### PROBLEM DETAILS
Wherever a picture appears in the data below, omit it, and restate everything else word for word.

### COLLECTED MATERIAL
__________
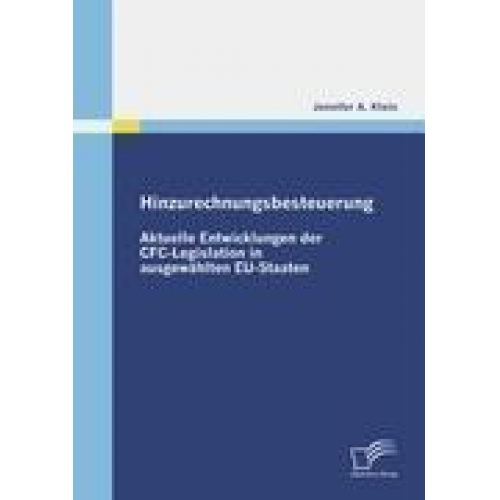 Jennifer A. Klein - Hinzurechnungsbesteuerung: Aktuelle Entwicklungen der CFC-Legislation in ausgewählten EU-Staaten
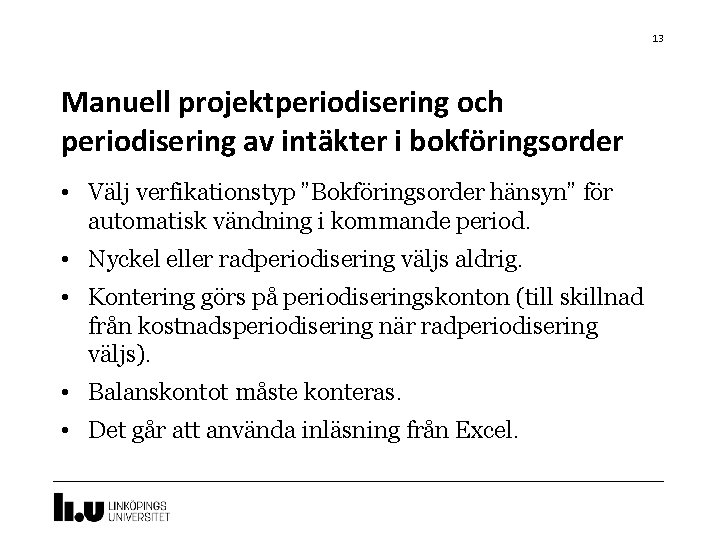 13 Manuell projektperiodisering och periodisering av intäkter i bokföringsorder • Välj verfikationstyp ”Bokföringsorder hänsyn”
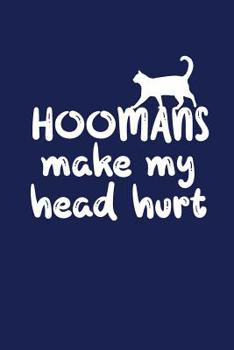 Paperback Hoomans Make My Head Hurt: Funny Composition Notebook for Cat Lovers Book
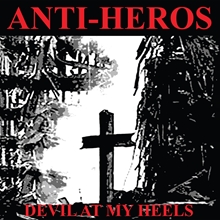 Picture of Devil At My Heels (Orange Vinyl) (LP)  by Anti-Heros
__________
### WRITTEN SOLUTION
 Jennifer A. Klein - Hinzurechnungsbesteuerung: Aktuelle Entwicklungen der CFC-Legislation in ausgewählten EU-Staaten
 13 Manuell projektperiodisering och periodisering av intäkter i bokföringsorder • Välj verfikationstyp ”Bokföringsorder hänsyn”
 Paperback Hoomans Make My Head Hurt: Funny Composition Notebook for Cat Lovers Book
 Picture of Devil At My Heels (Orange Vinyl) (LP)  by Anti-Heros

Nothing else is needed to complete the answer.